Escherich’s worst sin is not to see himself as different so much as apart: after murdering a man he has attempted to frame for the distribution of Otto Quangel’s anti-Nazi postcards, he simply thinks, “The piece of shit, the little whimpering piece of shit.” [pg. 301]  On the other hand, Holmes, for all his at times cavalier approach to human feelings (harsh words to Watson, sham romances with servant girls), never loses sight of the importance of a shared humanity: approaching Christmas, we might remember his act of charity in ‘The Adventure of the Blue Carbuncle’. This is a generosity and selflessness lost to Escherich, who questions the validity of the law only in his final moments. Holmes, on the other hand, is always aware that natural justice is higher than any human legal system.

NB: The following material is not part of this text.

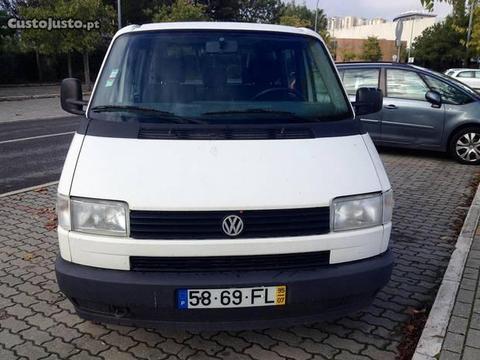 VW Transporter 7 lugares - 95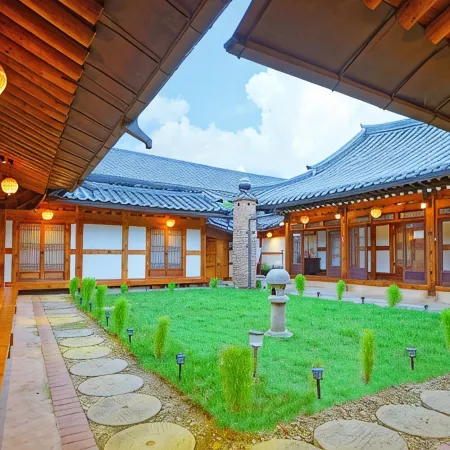 Jeonju Pungnamheon Hanok Stay Отели рядом с достопримечательностью «Музей королевских портретов»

Neither is it the case, of course, that in Maigret (of all detectives) we can perceive incipient fascism. It is more that, in his love of life’s pleasures – food, wine, camaraderie – there is something of Escherich’s desire for comfort. This all too human tendency to seek the easy life powers the narrative of Alone In Berlin, in which everyone is compromised by a brutal and brutalising regime, its agents most of all. Holmes, of course, was a super-human ascetic: he rarely ate and had apparently minimal need for comfort. The temptations of collaboration as depicted by Fallada would have had little appeal for Sherlock Holmes – but only, perhaps, because his is in reality an impossible character. Such is what ideals are made of.